In short, GCC is allocating registers wrongly for this code.
typedef intptr_t Int;
Int add(Int *x, Int n, Int *y, Int m) {
Int r0, r1, r2;
asm (
R"(xor %k0, %k0
xor %k1, %k1
L0%=:
mov %2, [%[y] + %0 * 8]
neg %1
adc [%[x] + %0 * 8], %2
sbb %1, %1
.
.
.)"
: "=r"(r0), "=r"(r1), "=r"(r2)
: [x]"r"(x), [n]"r"(n), [y]"r"(y), [m]"r"(m)
: "memory"
);
printf("%ld %ld\n", n, r0);
return r0;
}
/*
add:
push rbx
xor ebx, ebx
xor edx, edx ; killing `y`
L017:
mov rcx, [rdx + rbx * 8] ; segfault
neg rdx
adc [rdi + rbx * 8], rcx
sbb rdx, rdx
*/
More weird thing is removing the printf line makes the code compile normally.
The code is a basic implementation of bignum addition. The code itself could also have a bug, but that's apart from this problem.

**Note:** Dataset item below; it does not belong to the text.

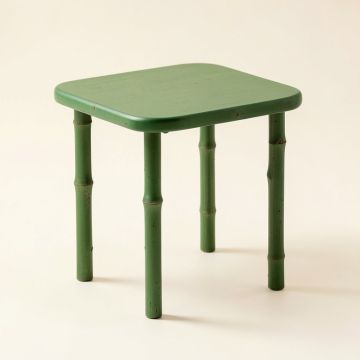 Stone Arc Compact Balcony Table - Green (synthetic illustration; no displayed measurements)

I read the answers in this question, and now I understand that the & is necessary to tell the input is reused after being consumed. I also read the manual where it states,
GCC may allocate the output operand in the same register as an unrelated input operand, on the assumption that the assembler code consumes its inputs before producing outputs.
But I still don't get why GCC thinks it's okay to overwrite y before it's "consumed", when there is no &. You can see in the code above that GCC is zeroing y before any value is ever read from it.
full code
#include <stdio.h>
#include <stdint.h>
#define asm __asm__ volatile
typedef intptr_t Int;
Int add(Int *x, Int n, Int *y, Int m) {
Int r0, r1, r2;
asm (
R"(xor %k0, %k0
xor %k1, %k1
L0%=:
mov %2, [%[y] + %0 * 8]
neg %1
adc [%[x] + %0 * 8], %2
sbb %1, %1
inc %0
cmp %0, %[m]
jl L0%=
neg %1
jz end%=
carry%=:
inc %0
add qword ptr [%[x] + %0 * 8 - 8], 1
jc carry%=
cmp %0, %[n]
cmovl %0, %[n]
end%=:)"
: "=&r"(r0), "=&r"(r1), "=&r"(r2)
: [x]"r"(x), [n]"r"(n), [y]"r"(y), [m]"r"(m)
: "memory"
);
printf("%ld %ld\n", n, r0);
return r0;
}